Dean took all the money he made from his lyrical and televised mines and invested in everything he could: banks, real estate, racehorses, restaurants, limousines, a lime grove, even a Christmas tree farm. But it was four years after his biggest hit, on Christmas Day in 1965, that a cousin offered him the investment that shaped his legacy. Dean bought into a hog farm, and the jokes wrote themselves faster than the paychecks. The Jimmy Dean Pig Parlor made a little money at first, but then the meat market failed, and the country star started to go broke one hog at a time: “It was like attaching a twenty dollar bill to his tail and saying, ‘Bye.’”
Dean thought it over, and decided he could make his own market. He already had the hogs, he just needed to turn them into something he could market directly to consumers. One ad-libbed ad at a time, Dean started begging Americans to give his sausage a try, and soon enough he was doing more selling than singing. He was a tag-line factory, a sayings machine. He hated focus groups, refused scripts of any kind, and wouldn’t even use cue cards; he liked to sit down in front of the camera and start talking. The advertisements were homegrown, homespun, and home runs: the sausage sold so well that Dean began driving a “SSG KING” vanity plate and said every day of his life was “ground hog day.”

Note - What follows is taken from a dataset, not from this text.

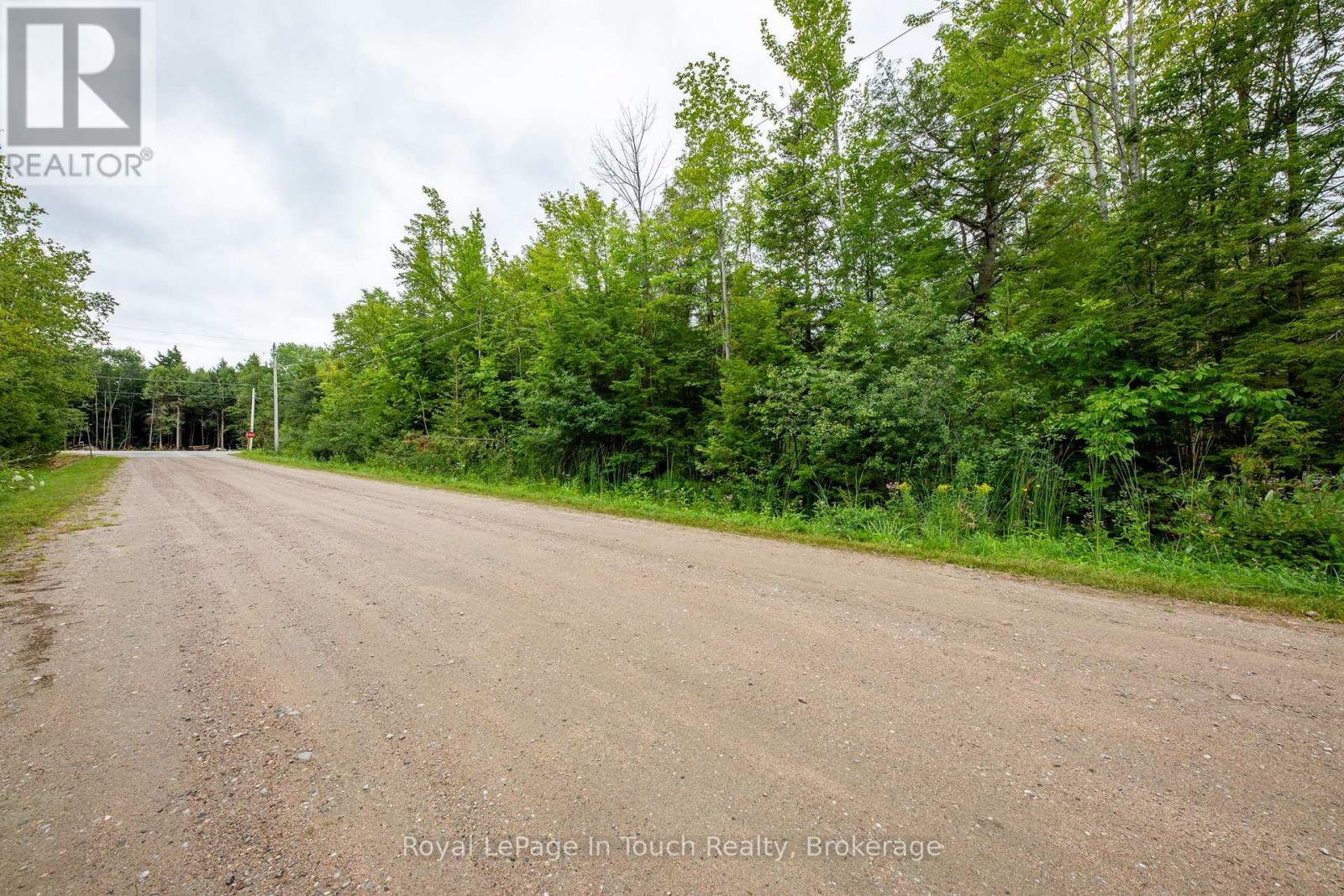 Tomahawk Cr Streetscape - Lt 484 Tomahawk Crescent, Tiny, ON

Jimmy Dean became more brand than band, and eventually the Sara Lee Corporation bought both. For three decades, Dean remained the company spokesman, though in 30 Years of Sausage, 50 Years of Ham, he explains how the company decided to keep his name but not him. It was the second time he’d found himself besieged by the business: this time forced out entirely, but years earlier forced to buy his way back in after a family dispute he detailed publicly, poetically in a spoken word number called “Don’t Go into Business with Kinfolks.”
It was a bitter end to a saccharine career, and the man who’d done more to promote country music on mainstream television than almost anyone somehow couldn’t find his way back to the genre that had started and sustained him. Other country artists kicked and screamed their way out of the sixties and seventies, rough and tumbling their cornpone songs into country rock and an outlaw sound, but Dean never did. There weren’t any more chart-toppers after the talky he wrote his mother, that chatty “I.O.U.” number recorded in 1976 that is still today a staple of Mother’s Day radio play, but there was one more song. Dean wrote it with his wife, and although it started as an unassuming alma mater for the high school near where they retired, “Varina” became “Virginia,” and the Deans tried to have their work declared the state song for the Old Dominion. Jimmy Dean might’ve stopped singing, but he never gave up trying to talk his way into something bigger.